Des efforts seront déployés pour préciser les devoirs juridiques du comité de vérification. À l'heure actuelle, le rôle de ce comité est de veiller à ce qu'il existe des procédures adéquates de contrôle interne. Nous avons l'intention d'aller un peu plus loin de façon à remplacer cet engagement vague et irréaliste par quelque chose de plus ferme. Encore une fois, il ne s'agit pas ici de changement radical d'orientation mais simplement de veiller à ce que le comité de vérification oblige la gestion de l'entreprise à se doter de procédures de contrôle adéquates. Le comité devra donc examiner, évaluer et approuver ces procédures.
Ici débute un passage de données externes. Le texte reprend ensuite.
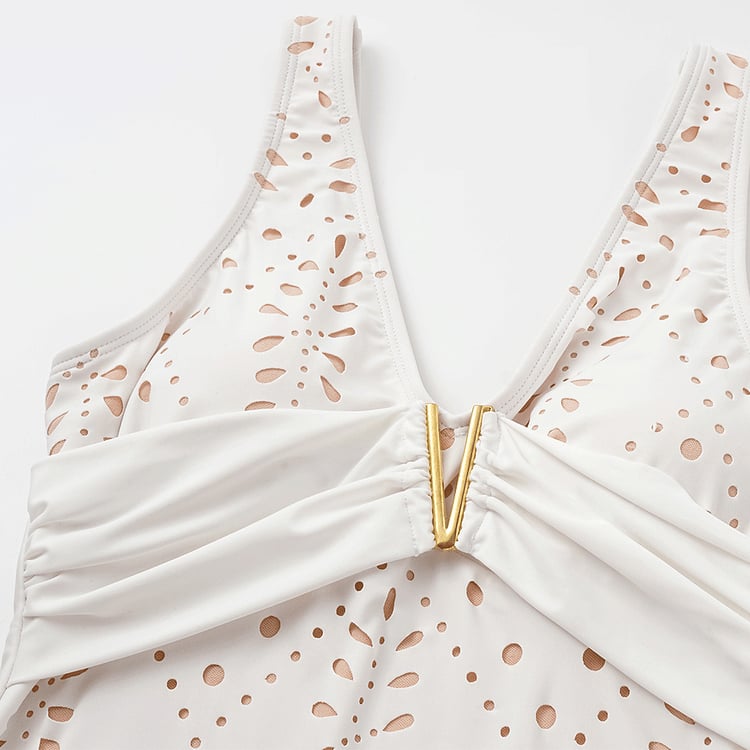 🔥 V Neck Solid Color Laser Cutting Flower One Piece Set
Il s'agit en fin de compte d'une reformulation des mêmes dispositions, dans le but d'exprimer de manière plus précise et plus réaliste ce que peut faire le comité.

Nous envisageons d'imposer certaines restrictions au conseil d'administration des filiales des institutions financières oeuvrant dans des domaines d'activités différents à ceux de la maison mère.

Je termine sur ce sujet en parlant des compagnies d'assurance et des droits des souscripteurs de polices. Le régime a été profondément remanié en 1992. Encore une fois, nous pensons qu'il donne des résultats satisfaisants, mais il y a quelques domaines que nous voudrions revoir, par exemple pour qu'il soit plus facile aux souscripteurs de polices de faire circuler des propositions. Il y a dans notre document des propositions sur la régie d'entreprise qui feront l'objet de discussions un peu plus tard.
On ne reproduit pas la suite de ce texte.